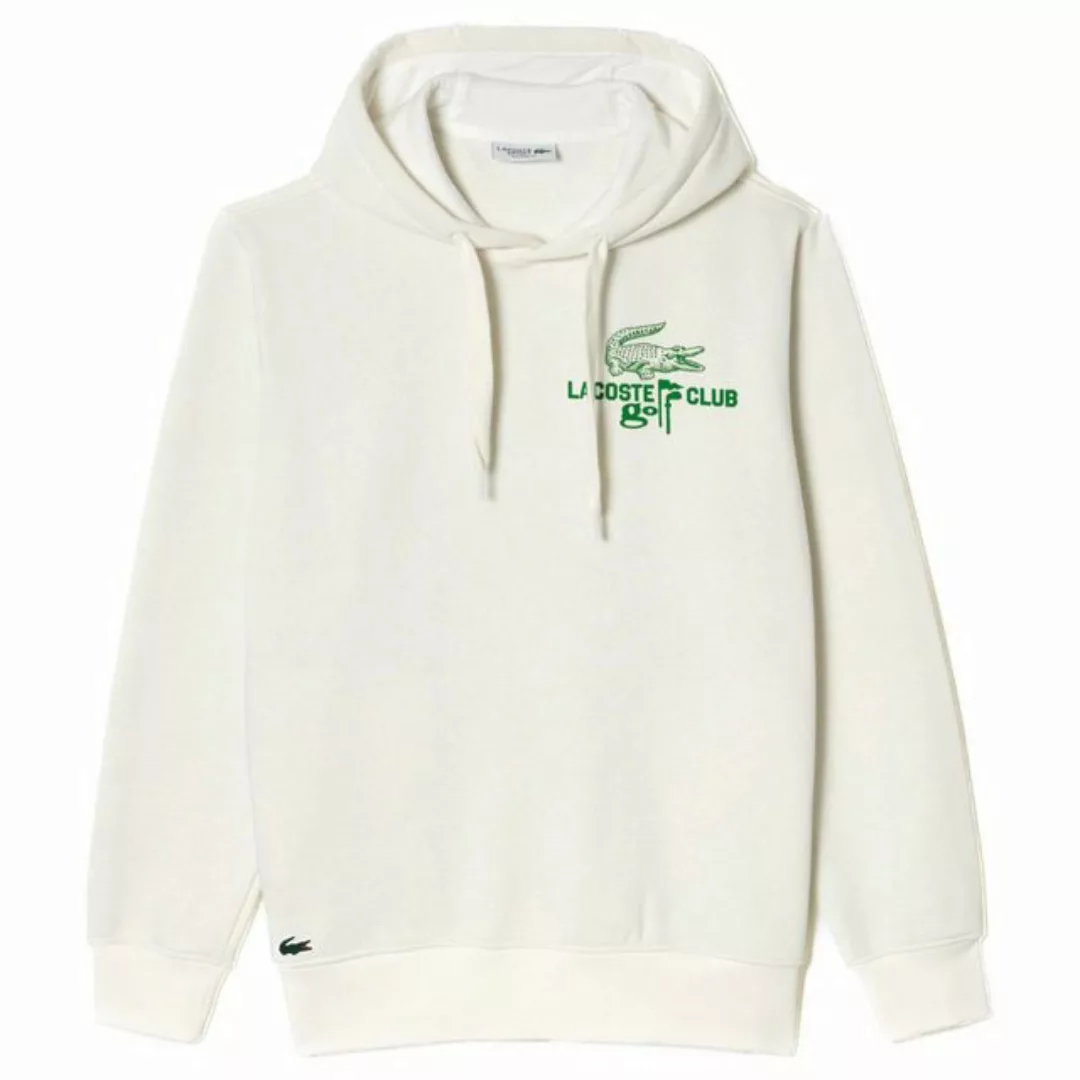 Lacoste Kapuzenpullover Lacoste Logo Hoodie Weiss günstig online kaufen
###
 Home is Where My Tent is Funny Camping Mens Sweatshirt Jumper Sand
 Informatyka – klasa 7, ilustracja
###
● **Task statement**:
Output only an exact transcription of the lines above from the one with "Home is Where" up to and including the one with "Informatyka – klasa 7, ilustracja".

● **Answer section**:
 Home is Where My Tent is Funny Camping Mens Sweatshirt Jumper Sand
 Informatyka – klasa 7, ilustracja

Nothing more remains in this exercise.